• Task objective: Leave out the pictures and output exactly the lines below from the one with "New 2026 Subaru" down to the one with "Saint Seiya Episode G 17 8", both of them included.

• Source data:
□ □ □

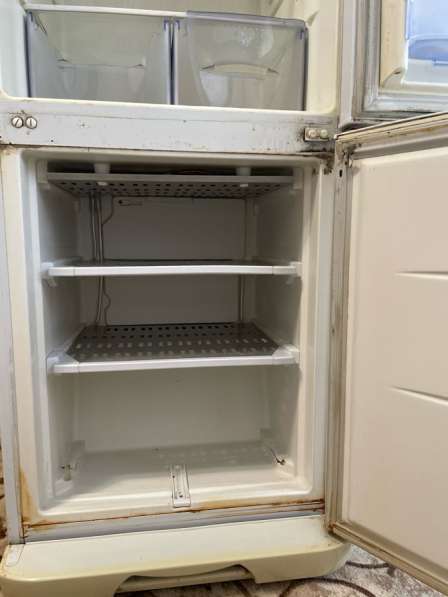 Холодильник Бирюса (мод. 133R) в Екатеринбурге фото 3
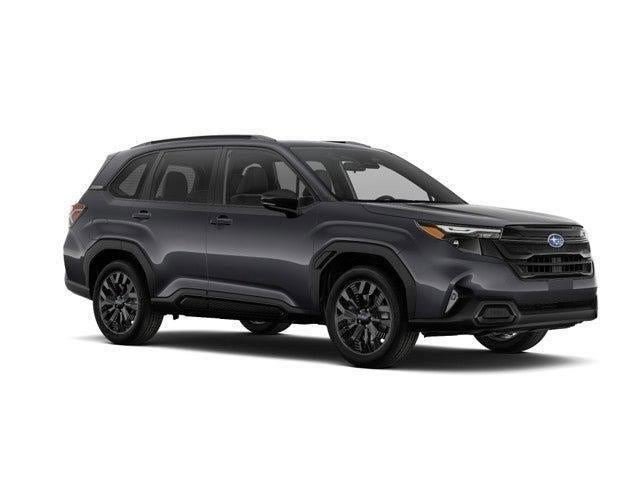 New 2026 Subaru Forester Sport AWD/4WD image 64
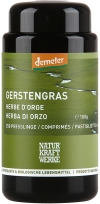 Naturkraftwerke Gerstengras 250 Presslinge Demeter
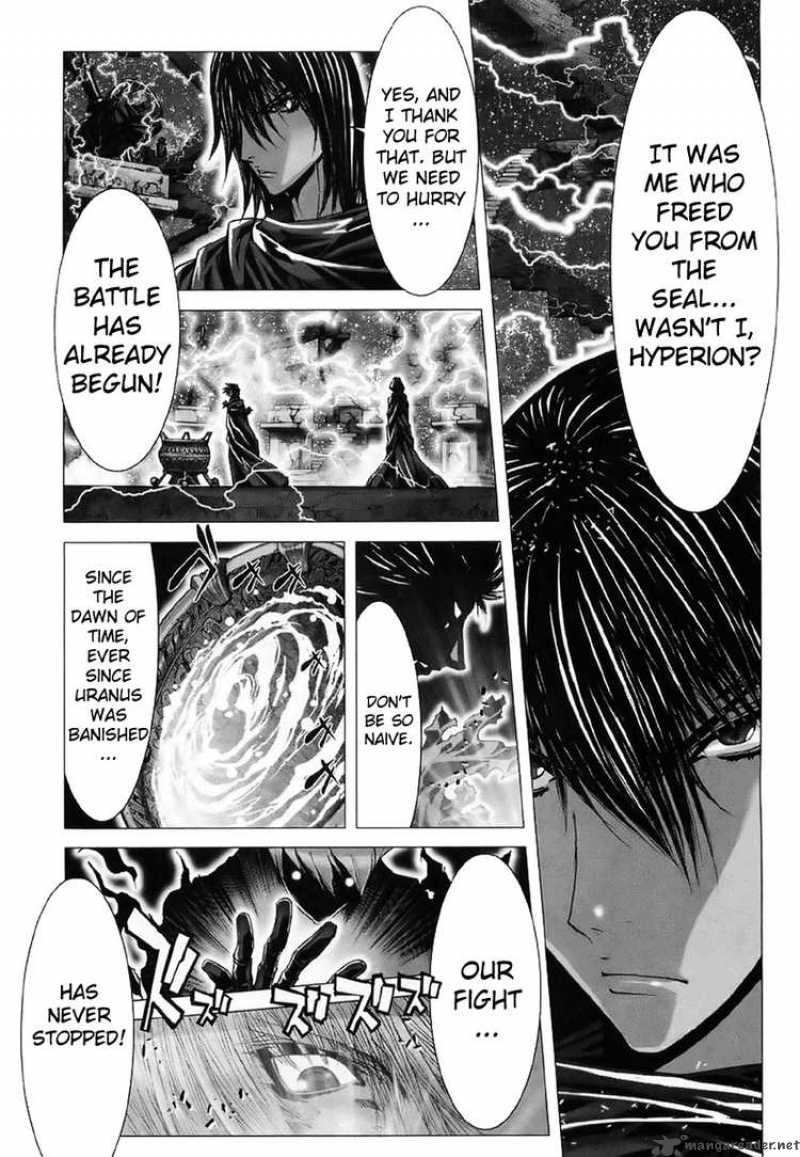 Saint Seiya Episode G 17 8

□ □ □

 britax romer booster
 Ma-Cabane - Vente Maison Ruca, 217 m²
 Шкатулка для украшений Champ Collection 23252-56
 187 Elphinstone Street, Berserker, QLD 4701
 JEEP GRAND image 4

□ □ □

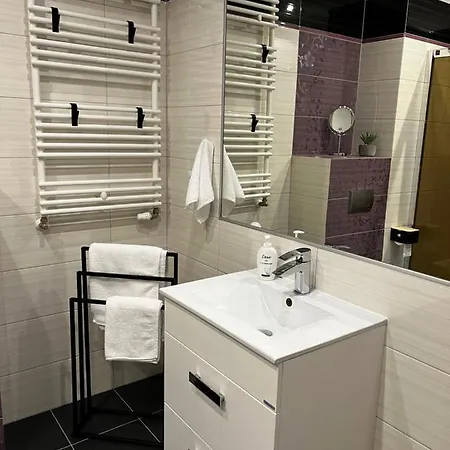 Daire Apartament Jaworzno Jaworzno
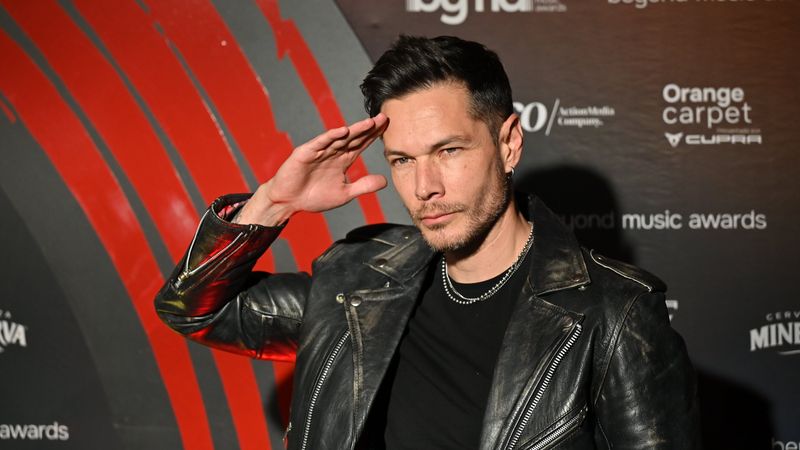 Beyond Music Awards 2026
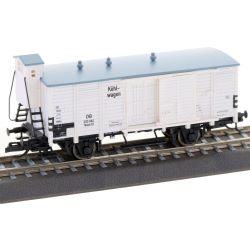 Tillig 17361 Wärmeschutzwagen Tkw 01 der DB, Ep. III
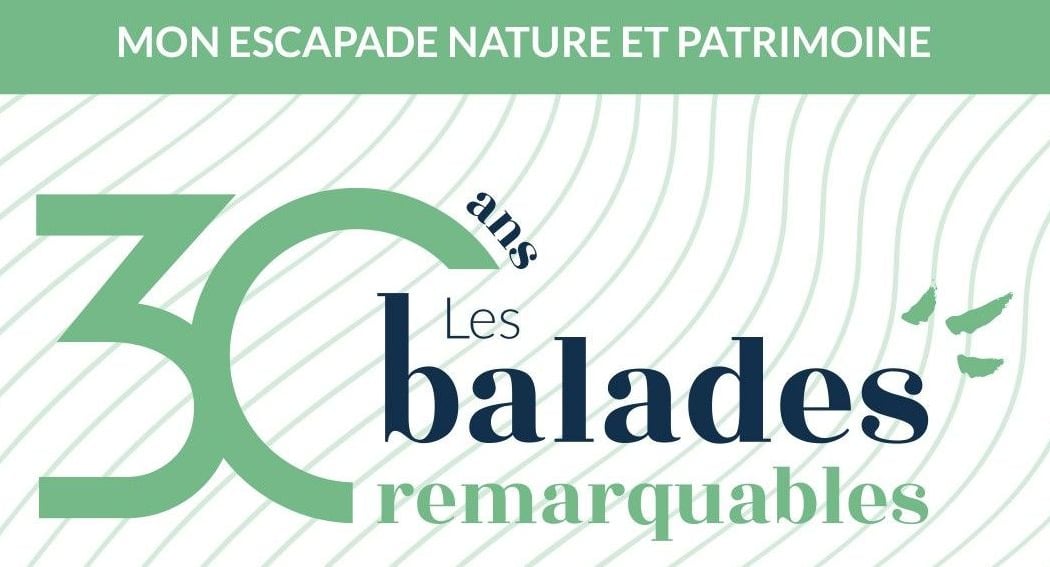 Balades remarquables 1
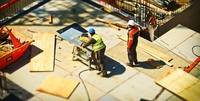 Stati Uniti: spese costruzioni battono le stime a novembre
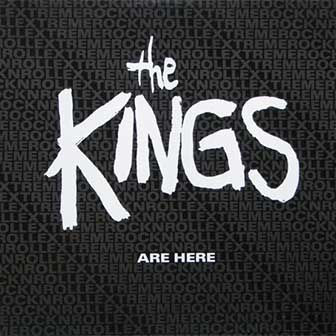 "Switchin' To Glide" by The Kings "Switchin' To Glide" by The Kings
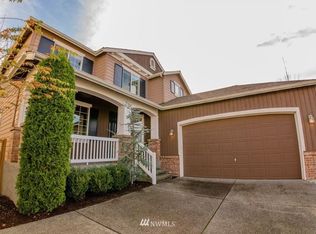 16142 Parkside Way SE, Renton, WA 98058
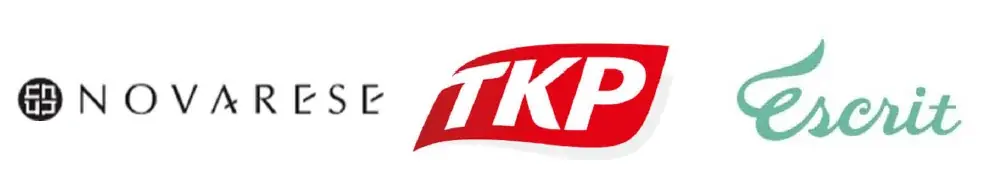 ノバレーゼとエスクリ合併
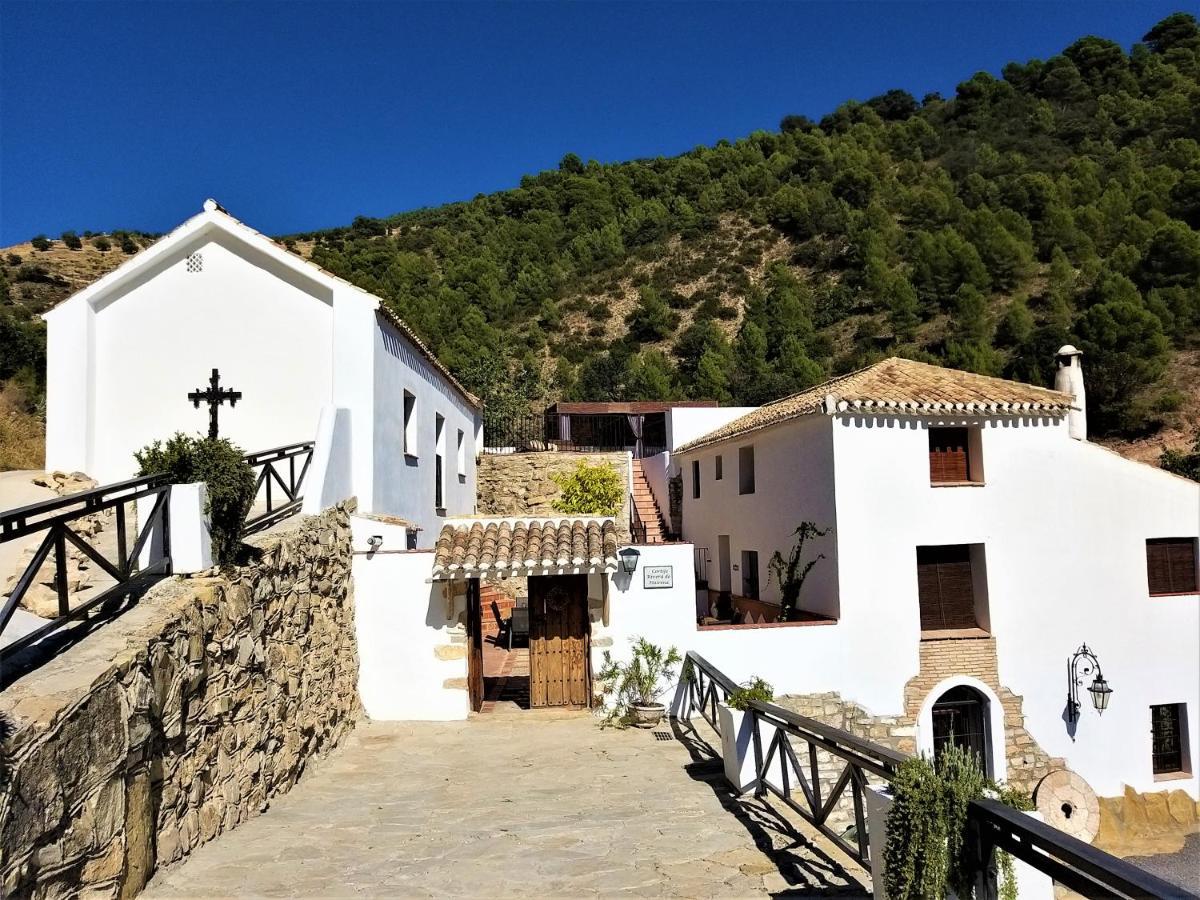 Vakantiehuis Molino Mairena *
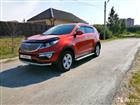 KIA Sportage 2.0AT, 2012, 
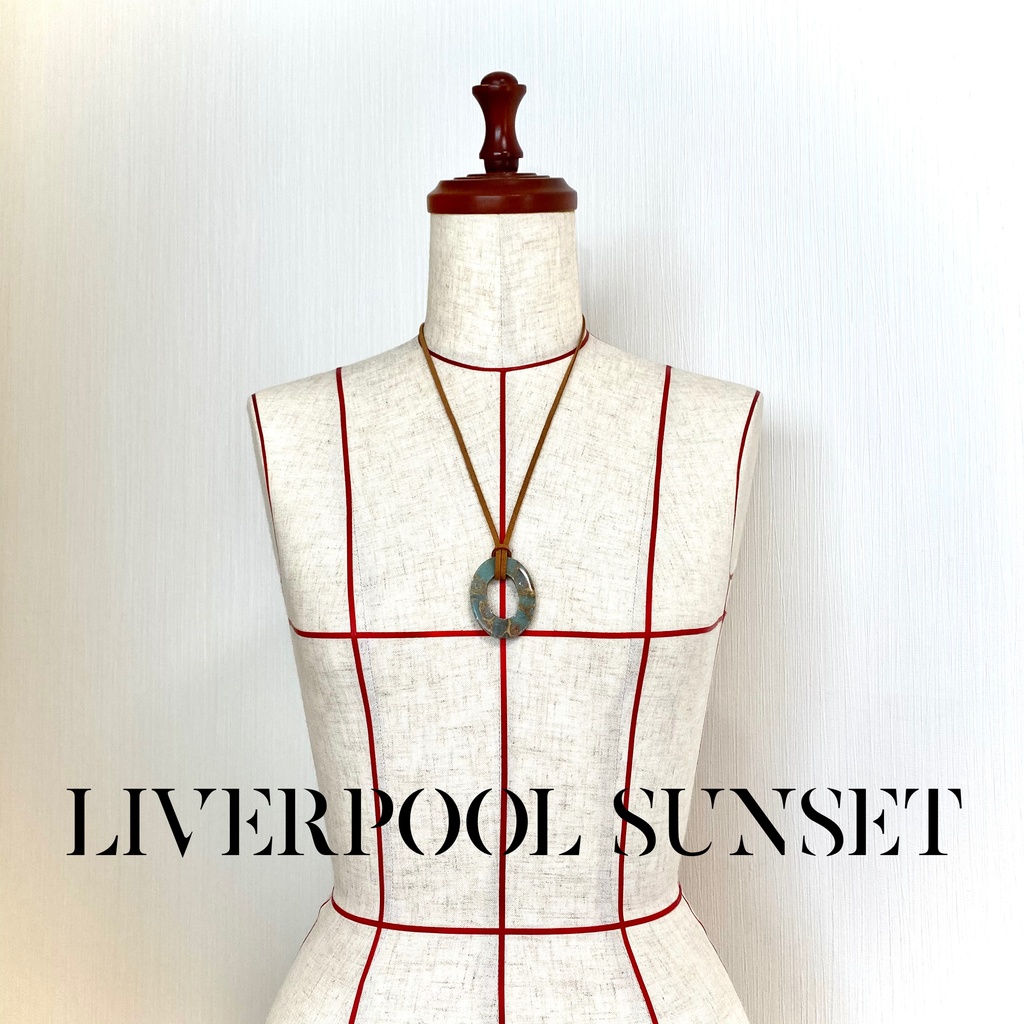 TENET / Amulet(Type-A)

□ □ □

• Answer for this exercise:
 New 2026 Subaru Forester Sport AWD/4WD image 64
 Naturkraftwerke Gerstengras 250 Presslinge Demeter
 Saint Seiya Episode G 17 8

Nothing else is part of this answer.